- Dataset extract:
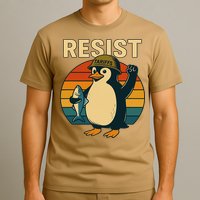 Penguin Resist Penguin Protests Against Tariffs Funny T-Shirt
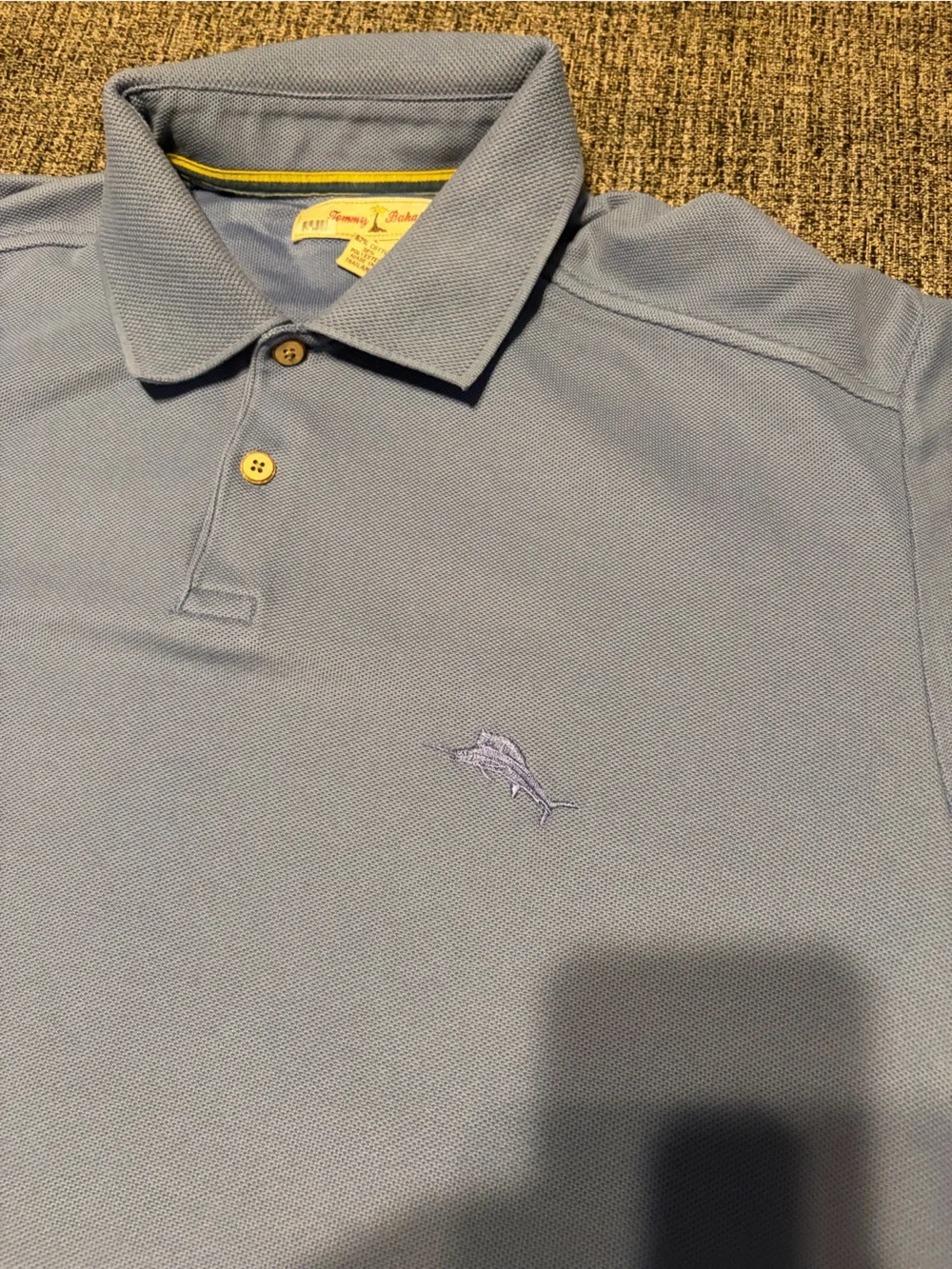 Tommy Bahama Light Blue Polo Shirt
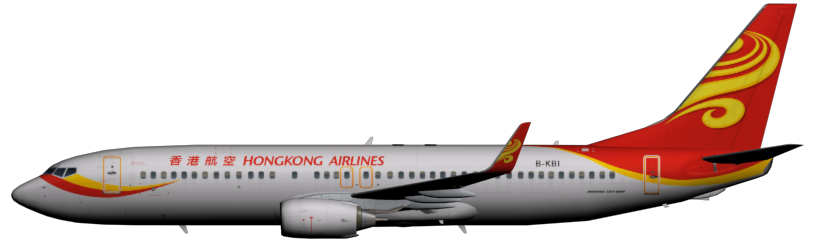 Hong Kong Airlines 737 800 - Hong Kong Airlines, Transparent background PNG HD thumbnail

- Exercise brief:
Would you reproduce the listing above exactly, without any of its images?

- Answer box:
 Penguin Resist Penguin Protests Against Tariffs Funny T-Shirt
 Tommy Bahama Light Blue Polo Shirt
 Hong Kong Airlines 737 800 - Hong Kong Airlines, Transparent background PNG HD thumbnail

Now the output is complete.